"How I Got My Agent" is a new recurring feature on the GLA blog. I find it fascinating to see the exact road people took that landed them with a rep. Seeing the things people did right vs. what they did wrong (highs and the lows) can help other scribes who are on the same journey. Some tales are of long roads and many setbacks, while others are of good luck and quick signings.
To see the previous installments of this column, click here.
If you have a literary agent and would be interested in writing a short guest column for this GLA blog, e-mail me at firstname.lastname@example.org and we'll talk specifics.
This installment of "How I
Got My Agent" is by Laurie Pawlik-Kienlen, who
writes nonfiction.
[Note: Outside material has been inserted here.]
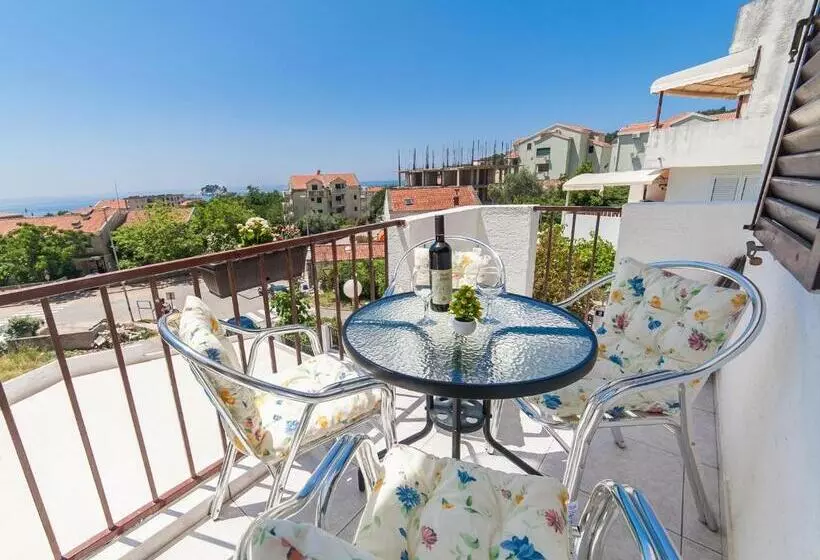 پانسیون Apartments Vjera Petrovac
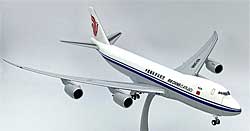 Flugzeugmodelle: Air China Cargo - Boeing 747-8F - 1:200 - PremiumModell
Laurie is a
writer and blogger who created and
maintains a series of Quips and Tips blogs,
including: Quips and Tips for Achieving Your Goals,
and Quips and Tips for Couples Coping With Infertility.
She's also the Feature Writer for Psychology Suite101.
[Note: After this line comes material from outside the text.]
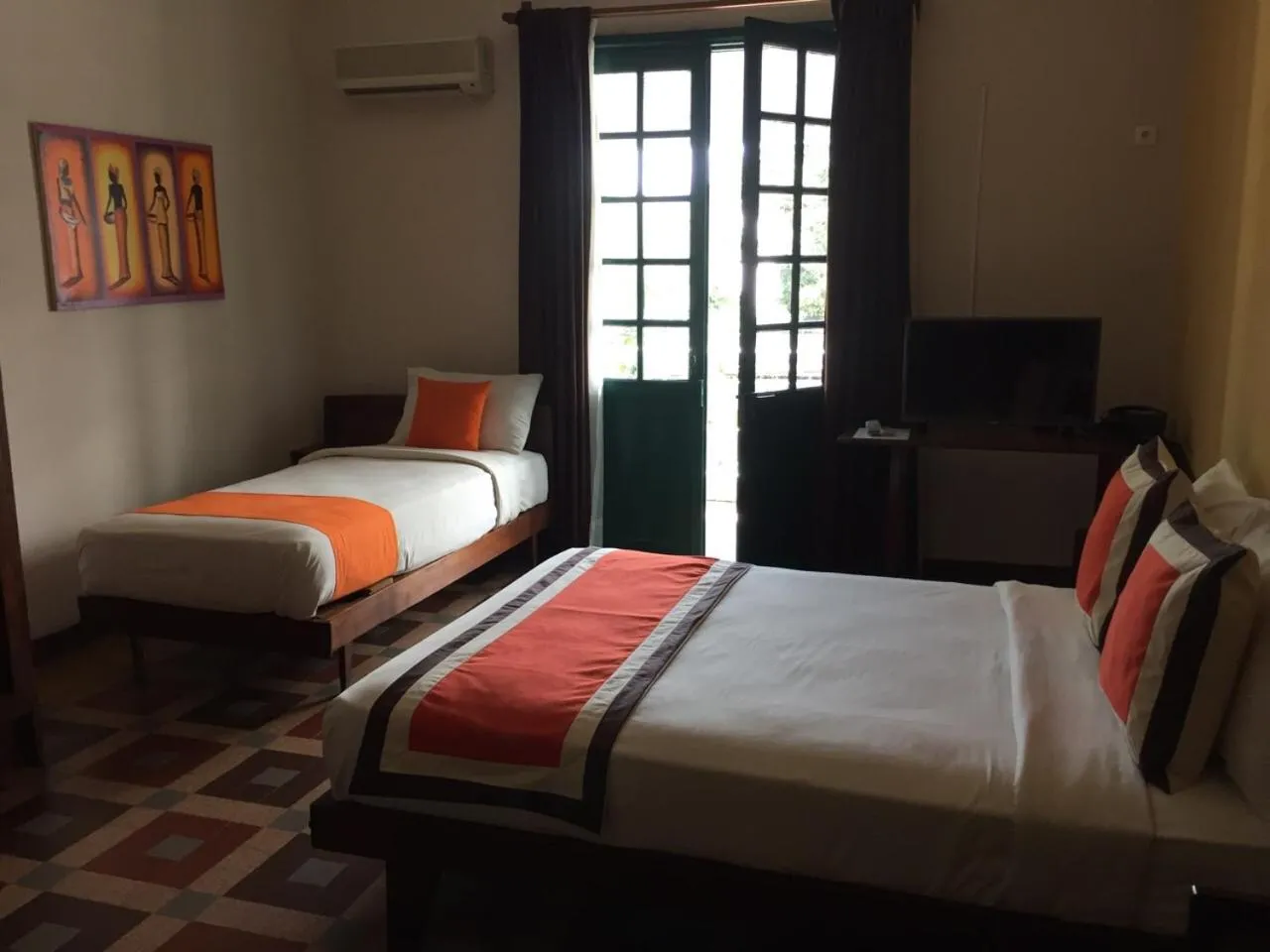 Bed in Hotel Joffre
I signed with the Irene Goodman Literary Agency several months ago (I call my agent "Special Agent Jon Sternfeld") and it only took three weeks from searching to signing. Here’s how it happened – I call it my “12 Step Program.”
1. Solidified my book idea. I created a strong hook, a well-thought-out idea, and a catchy query that grabbed my agent’s attention. I’d actually submitted my idea (See Jane Soar) to several publishers before deciding I’d rather have an agent do the legwork.
2. Prepared an airtight book proposal. To learn how to write a book proposal, I scoured Elizabeth Lyon’s Nonfiction Book Proposals Anyone Can Write from head to toe. I didn’t do everything she recommended – I learned all I could, then let my creativity and instincts take over. I read a few other books about nonfiction proposals, as well.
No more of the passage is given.